International

La visite du vice-ministre arménien des Affaires étrangères en Israël

De la montée des actes antisémites à Erevan aux tensions autour d’un projet immobilier dans la Vieille Ville, en passant par la proximité stratégique entre l’Arménie et l’Iran : la visite de Vahan Kostanyan a ouvert un dialogue prometteur… mais semé d’embûches.

3 minutes
27 novembre 2025

ParNathalie Sosna Ofir

La visite du vice-ministre arménien des Affaires étrangères en Israël
Istock

Désolé, votre navigateur ne supporte pas la synthèse vocale.

Le vice-ministre arménien des Affaires étrangères, Vahan Kostanyan, est en visite officielle en Israël, une visite destinée à relancer un rapprochement diplomatique entre les deux pays. Les deux capitales affichent leur volonté de tourner la page des incompréhensions accumulées ces dernières années, mais les dossiers sensibles s’invitent dans chaque échange.

Au centre des discussions figure le projet de corridor régional TRIPP, autrefois porté par l’Azerbaïdjan et désormais soutenu publiquement par le président américain Donald Trump et plusieurs responsables à Washington.
Pour Jérusalem, ce corridor pourrait créer une nouvelle architecture de coopération régionale. Pour Erevan, il constitue une opportunité stratégique… mais aussi une source de prudence, compte tenu du soutien actif d’Israël à l’Azerbaïdjan dans les années de guerre au Karabakh.

Dossier n°1 : il concerne l’augmentation des actes antisémites à Erevan. Tentatives d’incendie, tags menaçants, dégradations de lieux communautaires : une série d’attaques a alerté Israël.
Certains auteurs affirment agir en réaction aux ventes d’armes israéliennes à Bakou. Une étude de l’ADL a par ailleurs souligné la prévalence d’attitudes antisémites dans la population.
Si la communauté juive d’Arménie insiste sur sa liberté de culte et nie toute hostilité de l’État, Jérusalem s’inquiète du décalage entre ces assurances et la réalité sur le terrain.

Le second point de tension se situe dans la Vieille Ville. L’annulation d’un projet immobilier porté par un promoteur israélien sur un terrain loué par le Patriarcat arménien a déclenché une tempête politique.
Accusations d’« épuration ethnique », protestations internationales, amalgames avec la guerre à Gaza : l’affaire a pris des proportions inattendues.
Israël rejette cette lecture et rappelle qu’il s’agit d’un litige civil interne à l’Église arménienne, sans implication gouvernementale.

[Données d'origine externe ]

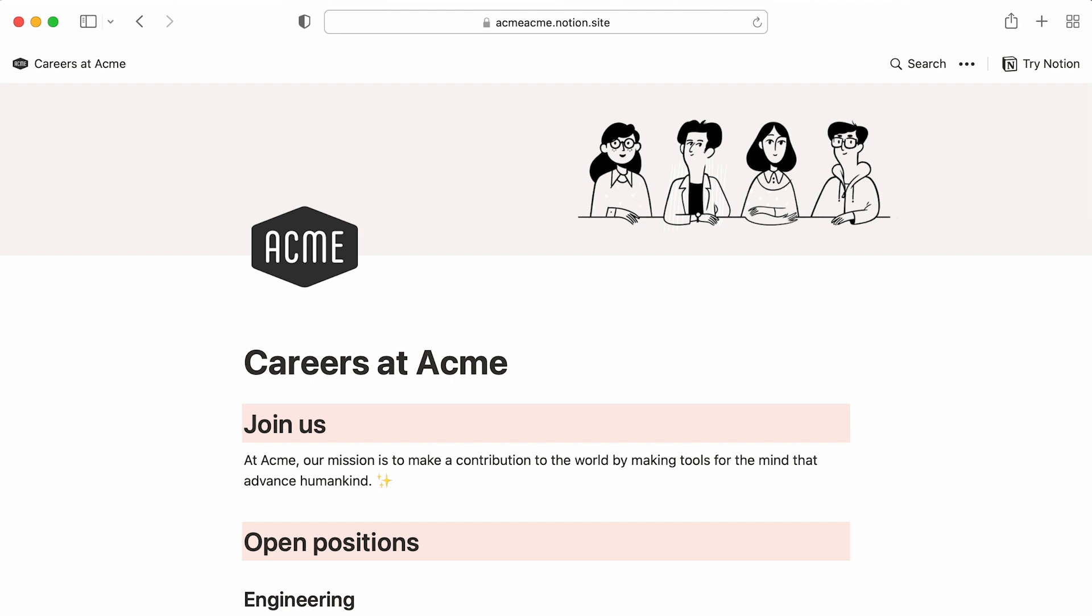Enjoy building your own job board. And check out our job board template, linked below, for inspiration.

Dernier point – et non des moindres : les liens stratégiques entre Erevan et Téhéran. Isolée géographiquement depuis la conquête du Haut-Karabakh par Bakou, l’Arménie dépend largement de l’Iran pour son énergie et son commerce, estimé à 700 millions de dollars annuels.
Des documents occidentaux évoquent l’utilisation potentielle du territoire arménien pour contourner les sanctions ; Erevan dément. D’autres rumeurs évoquant des livraisons de drones iraniens ont également été formellement rejetées par le gouvernement arménien.
À Israël, ce dossier reste ultrasensible.

À ces tensions bilatérales s’ajoute l’influence du lobby arménien aux États-Unis, très critique de l’alliance sécuritaire israélo-azerbaïdjanaise et déterminé à conditionner l’aide américaine à Israël à un changement de politique dans le Caucase.

La visite de Vahan Kostanyan prend ainsi des allures de test.
Jérusalem souhaite avancer vers un dialogue stratégique et voit dans l'Arménie un partenaire potentiel dans un Caucase en recomposition rapide. Erevan, de son côté, cherche de nouvelles garanties et un ancrage régional plus diversifié.

Reste à savoir si ces deux dynamiques suffiront à surmonter des dossiers sensibles que personne, pour l’heure, ne peut ignorer.